--- DATA FOR THE TASK Enclosed Below ---

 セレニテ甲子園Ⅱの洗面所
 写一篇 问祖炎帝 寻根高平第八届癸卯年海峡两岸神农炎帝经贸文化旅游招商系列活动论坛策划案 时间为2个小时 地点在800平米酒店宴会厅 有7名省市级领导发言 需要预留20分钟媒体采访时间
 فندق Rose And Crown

--- End of Enclosed DATA FOR THE TASK ---
--- DATA FOR THE TASK Enclosed Below ---

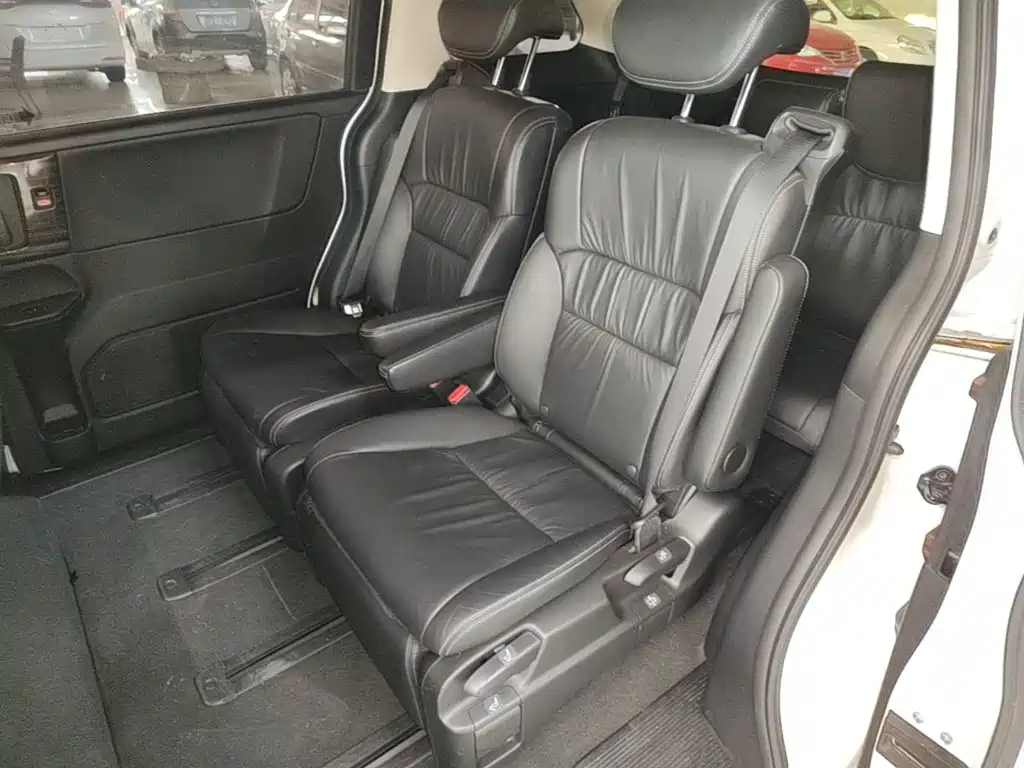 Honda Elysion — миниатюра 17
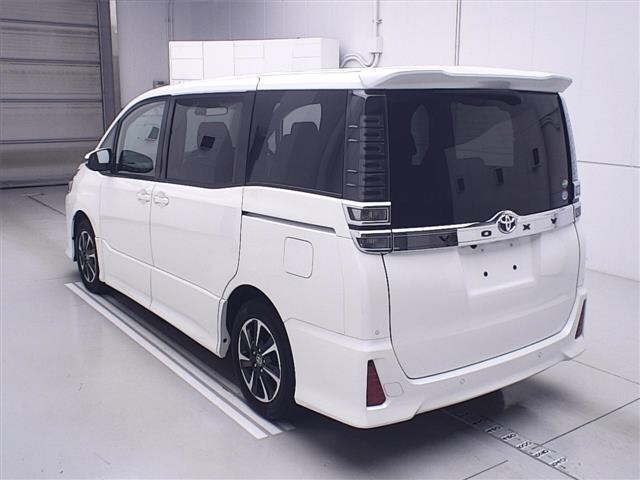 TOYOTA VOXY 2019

--- End of Enclosed DATA FOR THE TASK ---

● TASK TO CARRY OUT:
Looking back over the data above, restate word for word the lines that begin at the line with "セレニテ甲子園Ⅱの洗面所" and end at the line with "فندق Rose And Crown", inclusive.

● ANSWER SPACE:
 セレニテ甲子園Ⅱの洗面所
 写一篇 问祖炎帝 寻根高平第八届癸卯年海峡两岸神农炎帝经贸文化旅游招商系列活动论坛策划案 时间为2个小时 地点在800平米酒店宴会厅 有7名省市级领导发言 需要预留20分钟媒体采访时间
 فندق Rose And Crown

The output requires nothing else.